Back In Time: FILTER – Title Of Record (1999)

L’anno è il 1999. Il vivacissimo universo alternative metal è dominato da due tipologie ben distinte di band: alcune, memori della lezione dei Korn, indugiano sul lato più rabbioso e cupo del genere, mischiando in un pastone non sempre digeribile rime rap, riff cafoni, montagne di groove e fastidiosissimi scratch; altre, invece, guardano con maggior interesse verso i suoni freddi e artificiali dell’industrial. I vari Powerman 5000, Orgy, Stabbing Westward, Spineshank e Gravity Kills raccolgono successi commerciali dando alle stampe album pieni zeppi di impressionanti muri di chitarre elettriche, sintetizzatori ultramoderni, ritmi digitali e idee scopiazzate alla bell’e meglio da Trent Reznor e i suoi Nine Inch Nails.

I Filter, capeggiati proprio da uno storico ex collaboratore del geniale autore di “The Downward Spiral”, il polistrumentista Richard Patrick, si apprestano a fare il loro ritorno sulle scene a distanza di poco più di quattro anni dal lavoro di debutto, il solidissimo “Short Bus”. Il nuovo album, almeno nelle intenzioni, dovrebbe essere quello della consacrazione definitiva; una raccolta di canzoni scritte, arrangiate ed eseguite con gusto e originalità, in grado di unire in maniera intelligente e aggraziata i paesaggi futuribili dell’industrial e l’immediatezza del mainstream rock più coraggioso. Un azzardo non da poco, quindi.

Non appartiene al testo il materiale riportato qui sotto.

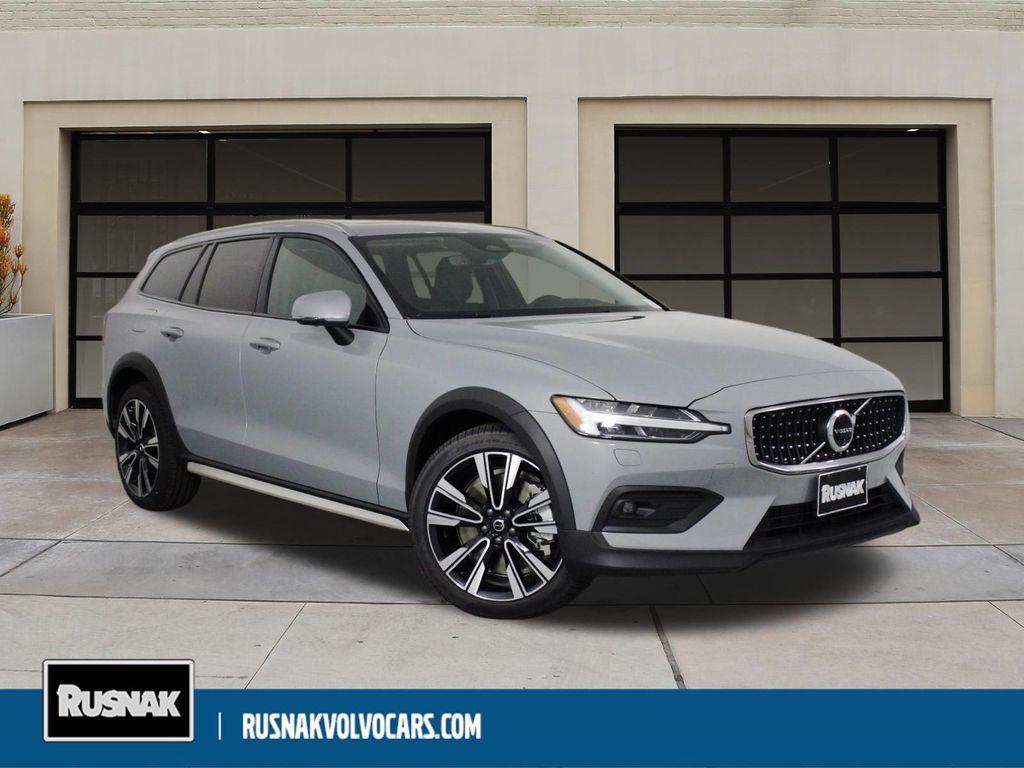 new 2026 Volvo V60 Cross Country car, priced at $61,070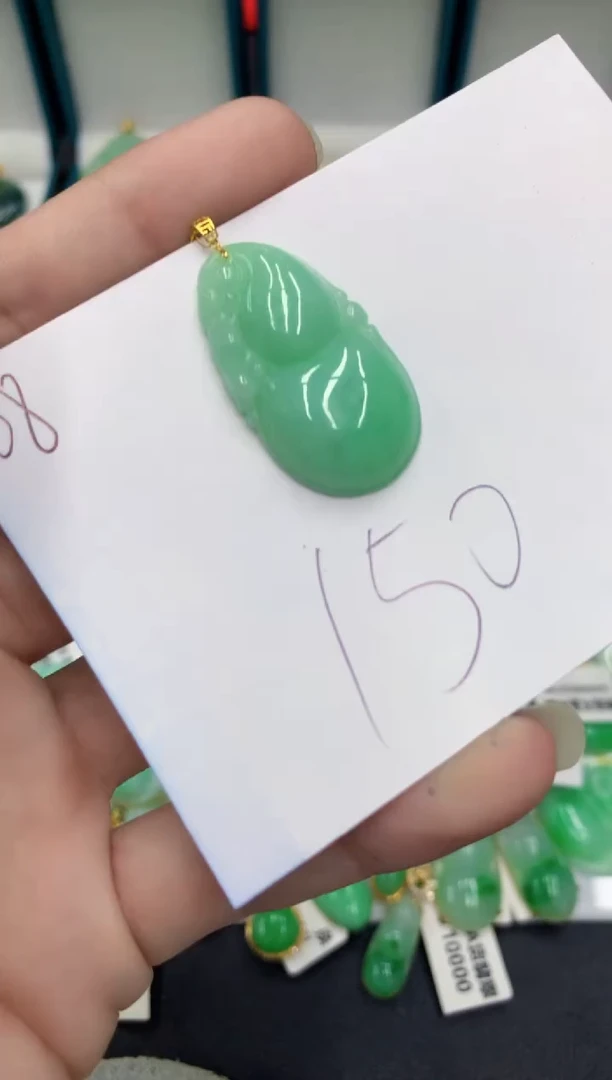 【闪购商品】翡翠颈饰18K金镶嵌翡翠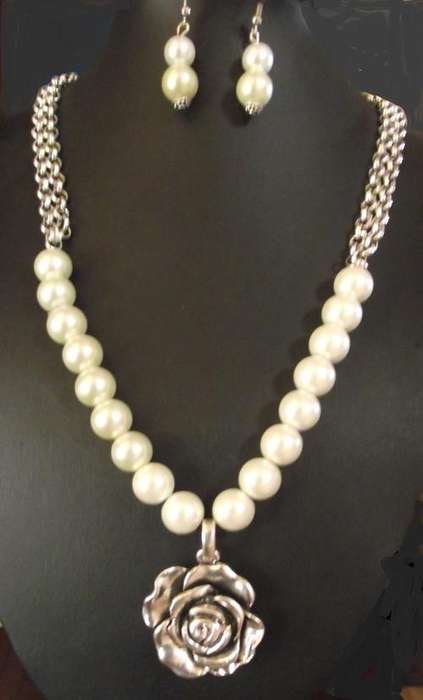 Lovely Faux Pearls & Rose Pendant  Necklace & Earrings Set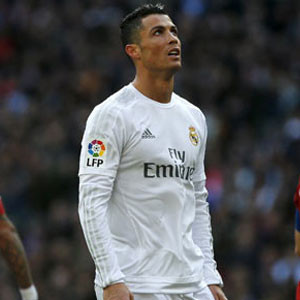 Ronaldo Real'den ayrılıyor !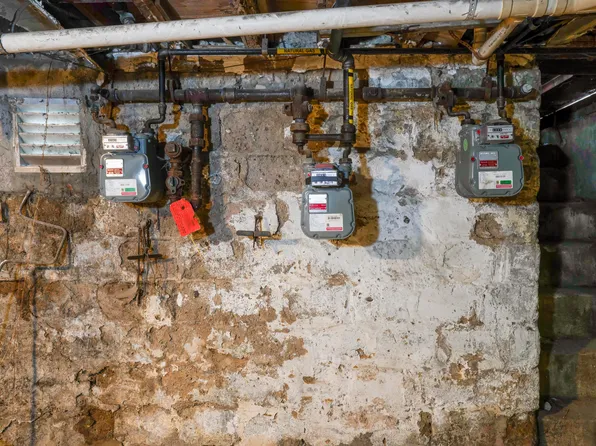 1890 West 6th Street image 29 of 37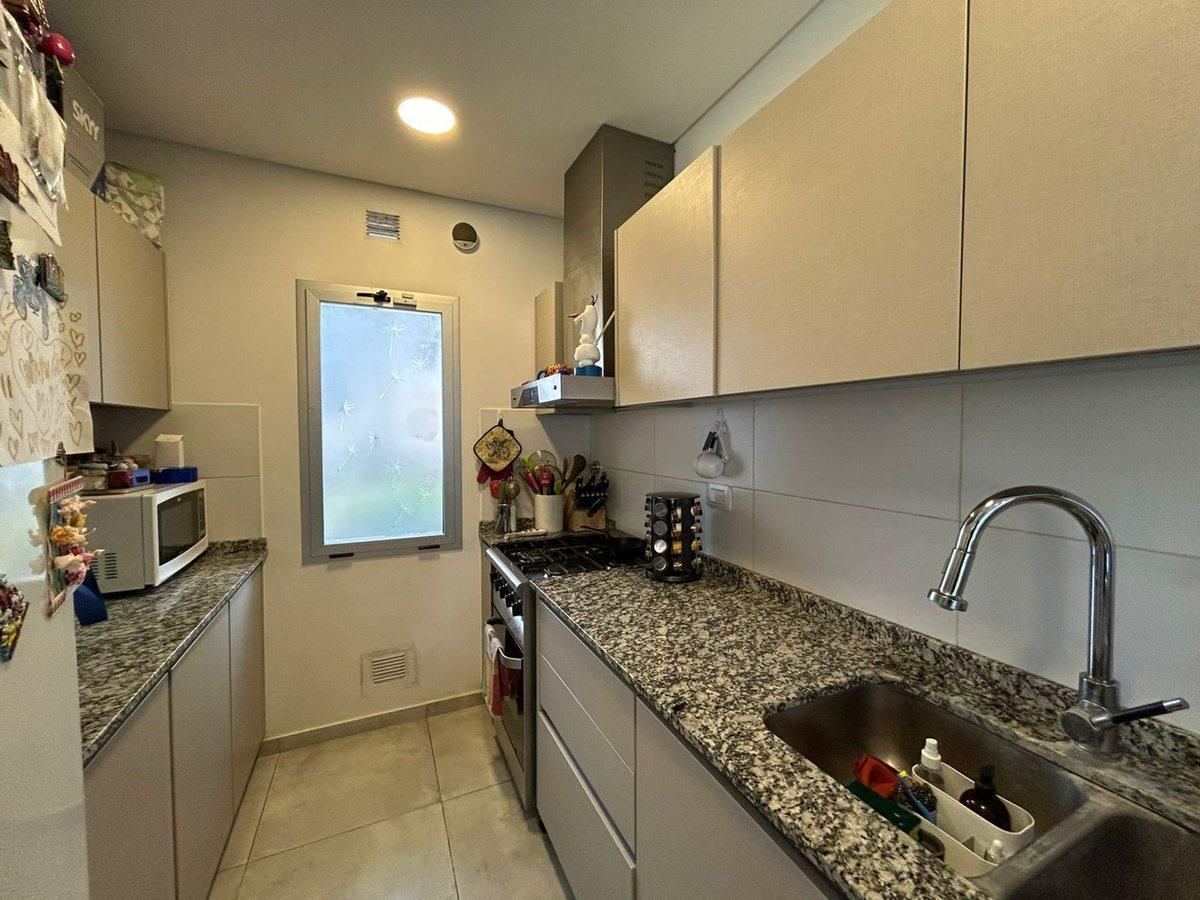 Foto de VENTA CASA 4 AMB. JARDÍN Y COCHERA - ITUZAINGO, imagen 4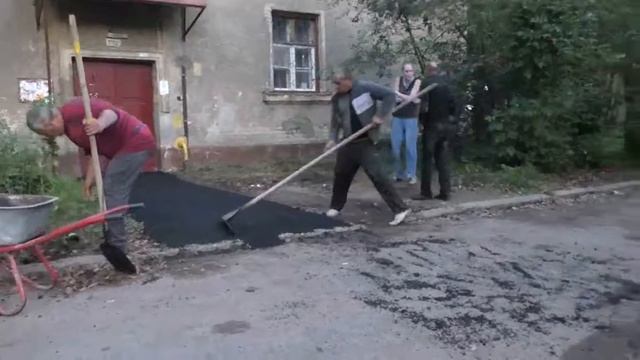 Укладка асфальта у подъездов дом 6 по Фрунзе смотреть онлайн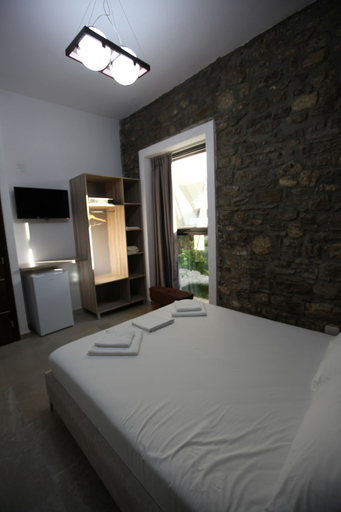 Bedroom 2, Bunec Beach Resort, Sarandës
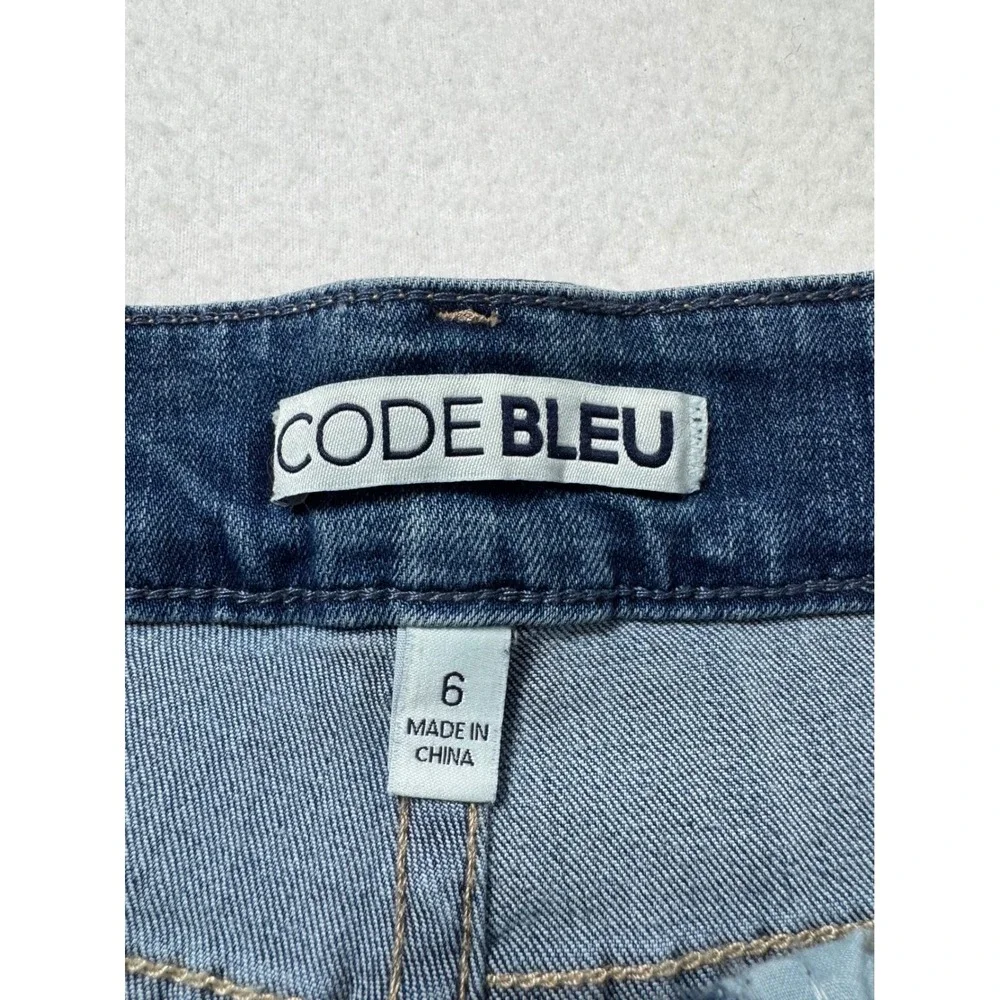 Cottagecore Code Bleu Womens 6 Chelsea Bermuda Shorts Blue Sunflower Embroidered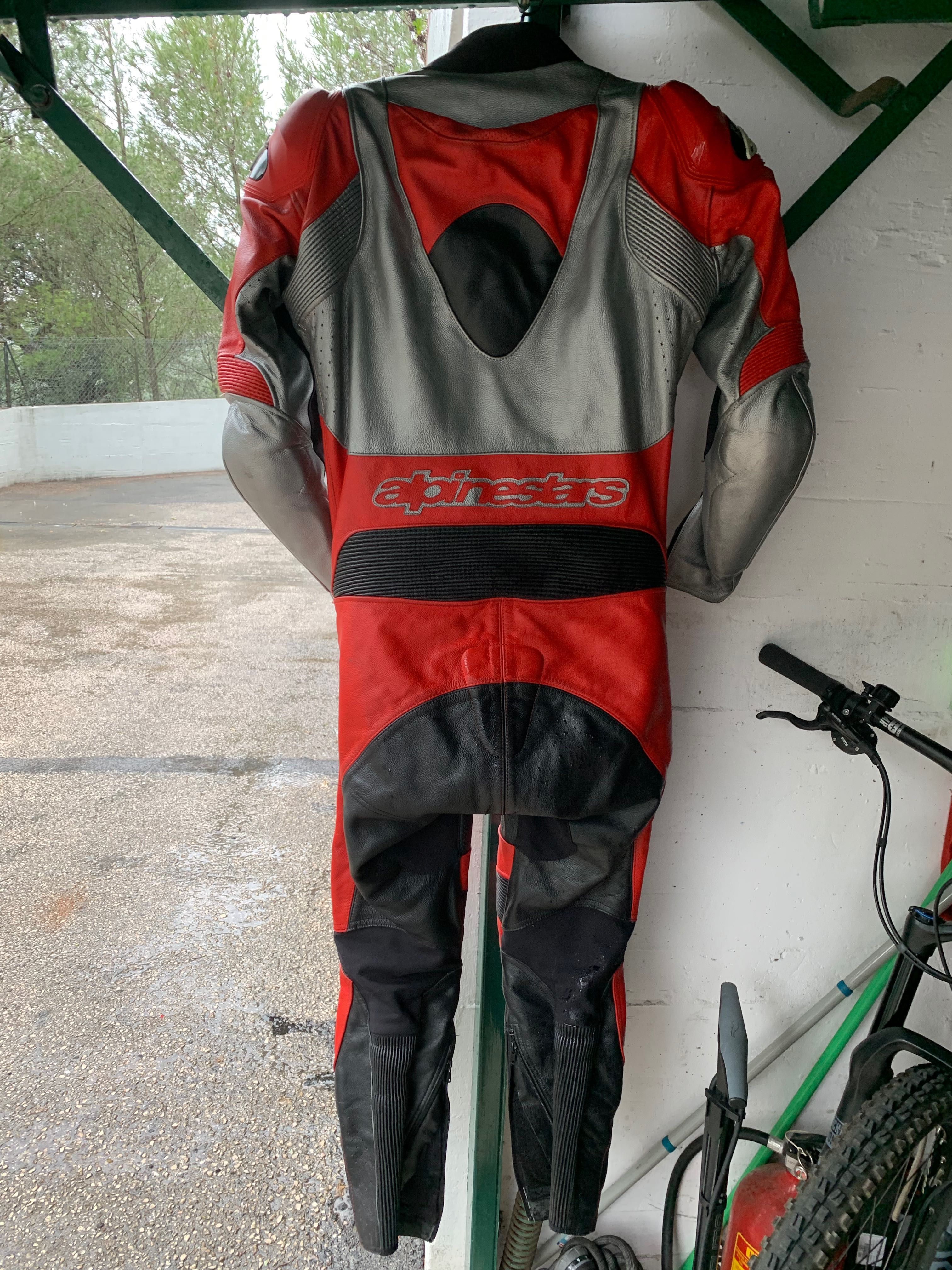 Fato de cabedal moto  competição Alpinestar muito pouco uso 50 (M)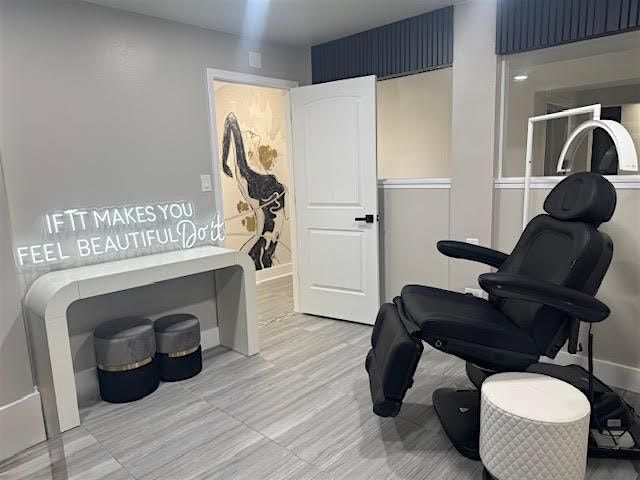 Beauty & Glow: TOX + Lip Filler Party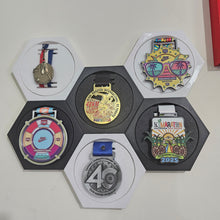Cargar imagen en el visor de la galería, Exhibidor de medallas - Hexágono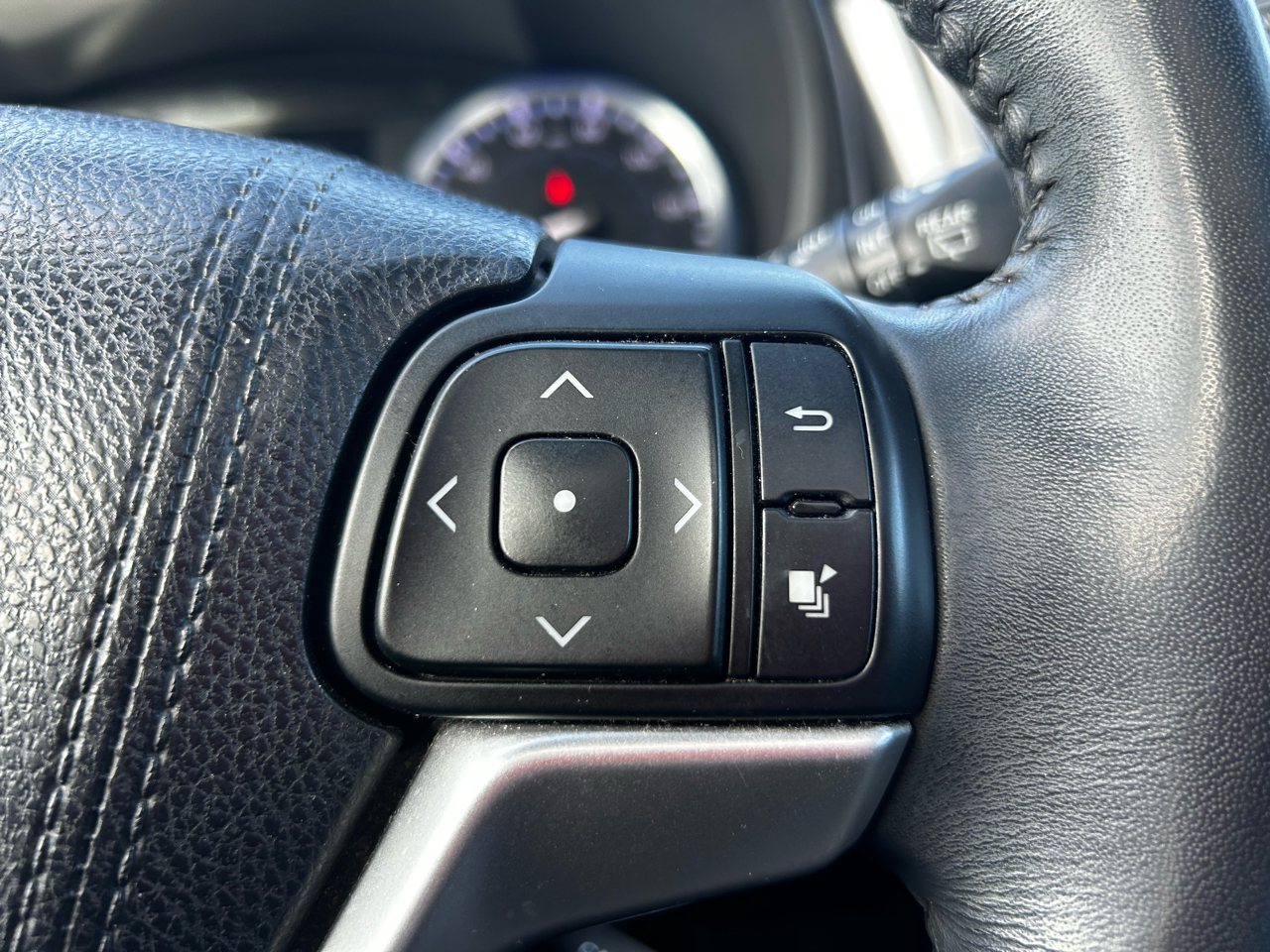 Toyota Highlander XLE FWD V6 2015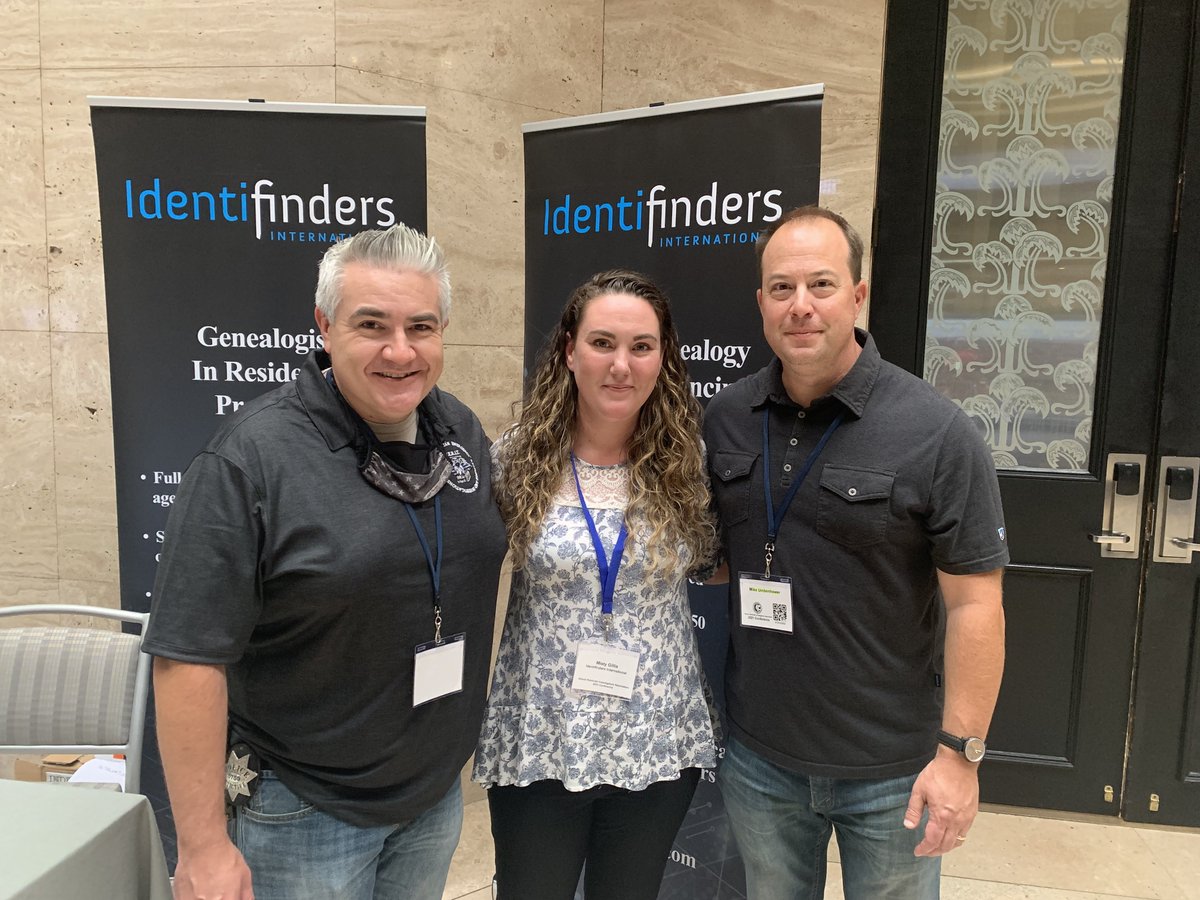 Identifinders's tweet image. Reconnecting with our wonderful partners from the @napervillePD. John Reed and Mike Umbenhower were just two of the wonderful Detectives we worked with on the 1972 homicide of Julie Hanson. Catch us at the IHIA conference this week!

#geneticgenealogy #dna #coldcase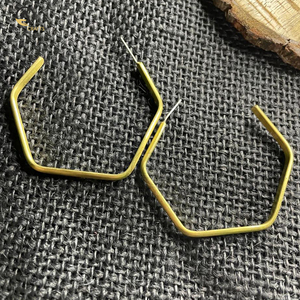 Pendientes de Metal a la moda para mujer, tamaño personalizado, joyería de diseñador Irregular, cajas de madera elegantes, modelo de artesanía artística - Product Image 3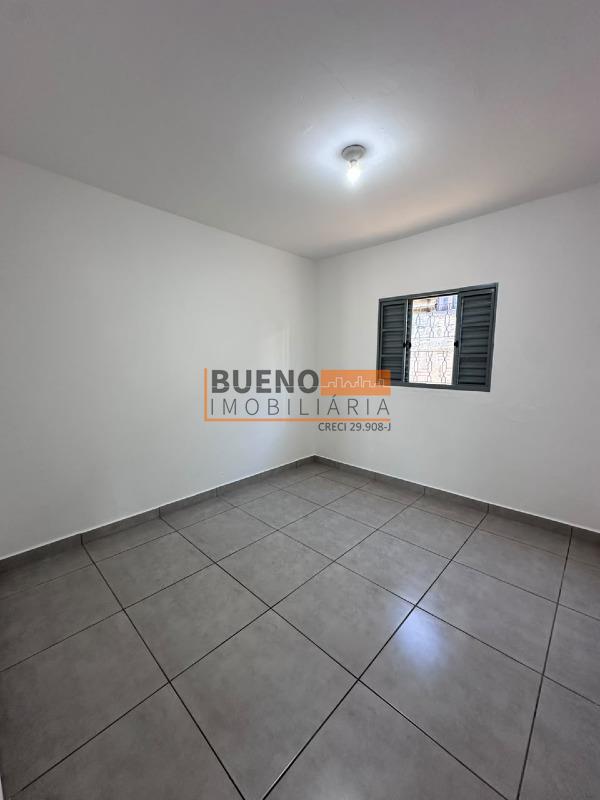 Casa para aluguel no Vila Mollon IV:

Il titolo del disco? “Title Of Record”. E già, sembra assurdo pensare che una delle opere più interessanti e innovative dell’alt metal di fine millennio abbia un nome così poco fantasioso. E forse potrebbe stonare anche l’accostamento appena fatto tra innovazione e Filter. D’altronde, tanti spunti contenuti all’interno di queste undici tracce è possibile andarli a recuperare altrove: l’aggressività dei Prong, la sensibilità melodica dei Jane’s Addiction (Patrick, tra l’altro, ha un timbro che in parte ricorda quello di Perry Farrell), un rapporto con l’elettronica e le drum machine mediato dall’esempio di Garbage e Smashing Pumpkins periodo “Adore”.

Eppure, è impossibile non notare immediatamente la forza e la peculiarità di “Title Of Record”: un suono fresco, limpido, dinamico e definito che caratterizza ogni singolo minuto del lavoro. Privo di naturalezza? Forse. Ma poco importa: siamo pur sempre in zona industrial. Anzi, è proprio questa leggera patina artificiale a rendere il tutto piacevolmente “novantiano”.

L’album è invecchiato maluccio, ma conserva pressoché intatto il suo fascino: gli influssi tribali dell’esplosiva Welcome To The Fold, i sali e scendi imprevedibili di Captain Bligh, le pulsazioni jungle della reznoriana The Best Things e il lento crescere dell’intensissima I’m Not The Only One sono ancora lì, a ricordarci del valore di un gruppo che, purtroppo, in seguito non sarebbe più riuscito a ripetersi a questi livelli.

E come non parlare della superhit dei Filter, la celeberrima Take A Picture? Richard Patrick trasforma l’opaco ricordo di una serata ad alto tasso alcolico in una semi-ballad che, tra eleganti percussioni etniche e stupende melodie sognanti, inizia ammaliandoci con soffuse atmosfere acustiche per poi abbracciare l’elettricità dello shoegaze più riverberato. Da pelle d’oca.